▶ _DESCRIPTION OF THE TASK_: Filter the listing and keep only the lines with the word "Green".

▶ _SUPPLIED DATA_:
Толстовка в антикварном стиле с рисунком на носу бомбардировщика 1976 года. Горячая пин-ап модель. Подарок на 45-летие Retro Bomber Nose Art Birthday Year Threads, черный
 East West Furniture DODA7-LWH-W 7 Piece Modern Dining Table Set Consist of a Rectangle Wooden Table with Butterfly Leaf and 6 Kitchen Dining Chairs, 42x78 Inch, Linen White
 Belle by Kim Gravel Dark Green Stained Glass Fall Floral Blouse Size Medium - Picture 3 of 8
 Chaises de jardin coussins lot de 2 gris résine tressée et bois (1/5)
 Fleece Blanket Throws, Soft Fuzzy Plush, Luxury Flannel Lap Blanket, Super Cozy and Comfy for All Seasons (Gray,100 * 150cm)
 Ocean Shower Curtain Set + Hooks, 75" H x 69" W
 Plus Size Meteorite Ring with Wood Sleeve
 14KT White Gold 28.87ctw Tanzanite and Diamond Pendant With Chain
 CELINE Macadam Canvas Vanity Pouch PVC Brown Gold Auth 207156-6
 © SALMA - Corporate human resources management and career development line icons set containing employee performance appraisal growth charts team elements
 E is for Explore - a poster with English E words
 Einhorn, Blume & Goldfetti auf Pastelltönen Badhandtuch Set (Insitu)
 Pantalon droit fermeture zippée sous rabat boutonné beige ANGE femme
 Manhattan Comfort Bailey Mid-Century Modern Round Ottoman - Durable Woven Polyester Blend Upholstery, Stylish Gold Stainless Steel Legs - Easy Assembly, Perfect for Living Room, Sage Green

▶ _RESPONSE TO THIS EXERCISE_:
 Belle by Kim Gravel Dark Green Stained Glass Fall Floral Blouse Size Medium - Picture 3 of 8
 Manhattan Comfort Bailey Mid-Century Modern Round Ottoman - Durable Woven Polyester Blend Upholstery, Stylish Gold Stainless Steel Legs - Easy Assembly, Perfect for Living Room, Sage Green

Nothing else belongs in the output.